Hand-Gesture Based Input Method -- Paw Input Method

Weilong Zheng, Junwu Weng, Mengxiao Hou, Xiaoyu Pan


This project is a course design in Modern Electronic Design course. Groups in this class were provided certain fund to support their projects. In this project, we designed a convenient Chinese input method which was used in Hand-Gesture Control System. By our input method, users could input Chinese text on such a control system effectively. Our works could be seperated into two parts. Design of Paw Chinese Input Method and implementation of the input method as well as a simple Hand-Gesture Control System. I was primarily responsible for the implementation of the Hand-Gestrue Control System.

Paw Input Method

Our Paw Chinese Input Method is inspired by Ye Fan's Aeviou Chinese Input Method. In Chinese Pinyin, there are 23 initials and 37 finals. More specificly, when users try to input the first Pinyin letter, there are 26 choices, 23 initials and 3 vowels (a, e, o). 37 finals can be built up by only 8 letters (a, e, v, i, o, u, n and g). When users need to input following letters, the number of choices at current input is not greater than six.

  • (1) First Letters in Six Groups

  • (2) Top Group Selected

  • (3) Letter "b" Selected

  • Figure 1. User-Interface of Paw Input Method

Therefore, we first seperate 26 first letter options into 6 groups, as shown in Figure 1(1). Then, when users want to input letter "b", for example, they need to click the top button first, and the 5 first letters in top button group will appear in nearby buttons, as shown in Figure 1(2). After users select letter "b", of course "b" has been inputted at the same time, five (not greater than six) letter candidates will show up, as illustrated in Figure 1(3), and users could continue their inputting progress.

  • Figure 2. User Interface of Final Version

As we could see, by taking advantage of Chinese Pinyin's features, this method could effectively narrow down control range. Only two gestures (waiting and confirmed) are included. Additionally, in order to implement "backspace" and "turn page" commands, we expand the number of gestures to four by including two gestures, moving leftward and downward with fist. However, because of limitted time and lack of software development knowledge, we could not finish this project perfectly. There are still many details need to be considered. Our final version UI is shown in Figure 2.
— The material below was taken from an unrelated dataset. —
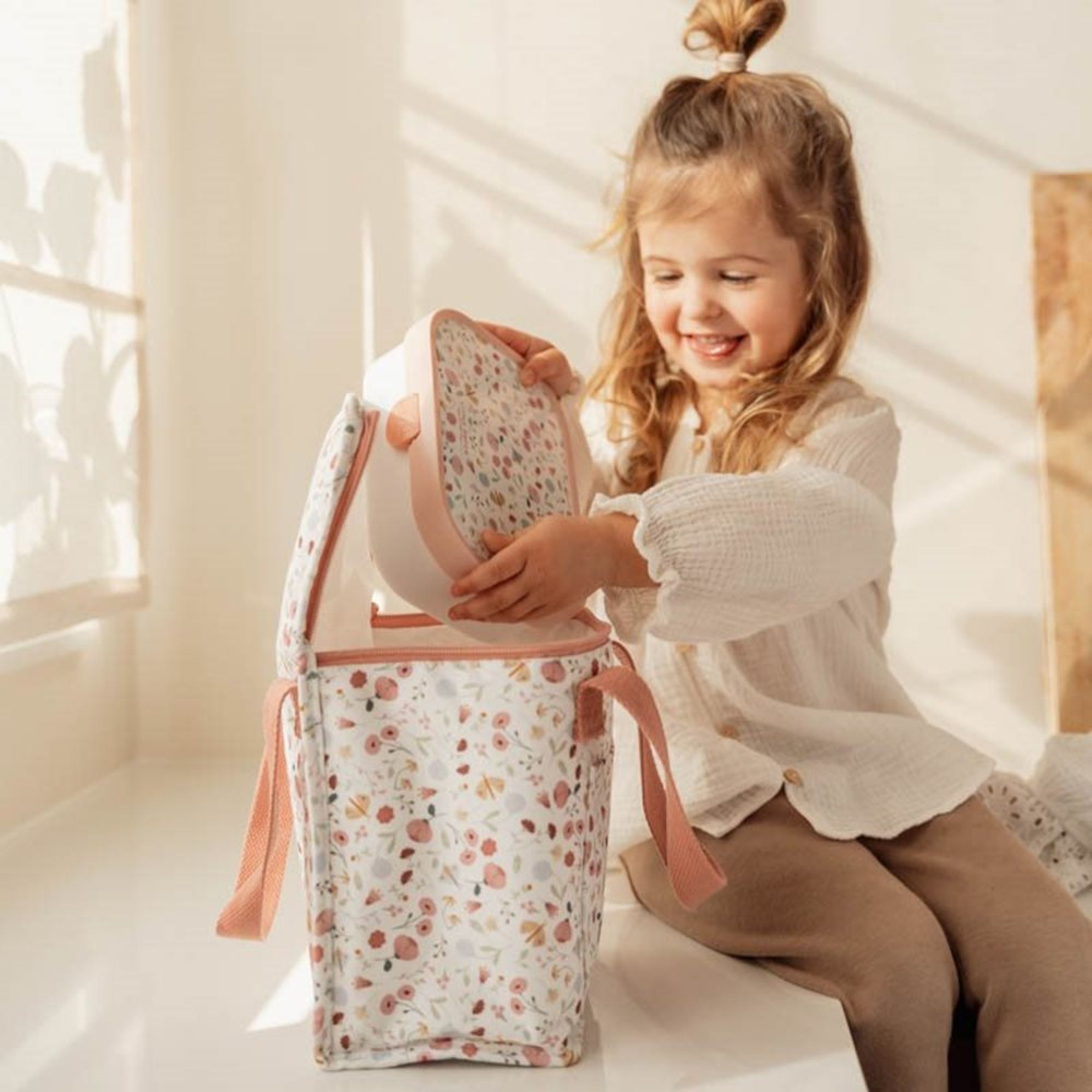 sac-isotherme--flowers-butterflies-little-dutch-377778_OG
Hand-Control System Based on Kinect Camera

Object tracking in 2D images is a complicated topic in computer vision field. In order to simplify our algorithm, we use Kinect Camera, as illustrated in Figure 3, to capture users' motion, since it could output depth images which is easier to process.

  • Figure 3. Microsoft XBOX Kinect Camera

Image Pre-Processing

Depth images from Kinect are represented in 16 bits. That is to say the value range of each pixel in depth image is from 0 to 65535. First of all, we need to transform the 16-bits depth image to gray image (8-bits) so that it could be displayed on computer screen correctly, just as shown in Figure 4(1). The value of each pixel on depth image represents the distance between camera and objects in scene. Therefore, it can seperate foreground and background easily. We use 100 as a threshold to binarize gray depth image, and the result is shown in Figure 4(2). Only when the distance between hand and camera is less than a certain value, can user's hand be shown uniquely on binarized depth image.

  • (1) Gray Depth Image

  • (2) Binarized Depth Image

  • (3) Maximum Outer Contour

  • Figure 4. Procedure of Gesture Recognition Algorithm

Then we try to get contour of hand shape, which will be used in gesture recognition, in depth image. The method of contour finding is described in [1]. This algorithm has been implemented in OpenCV. The result is shown in Figure 4(3).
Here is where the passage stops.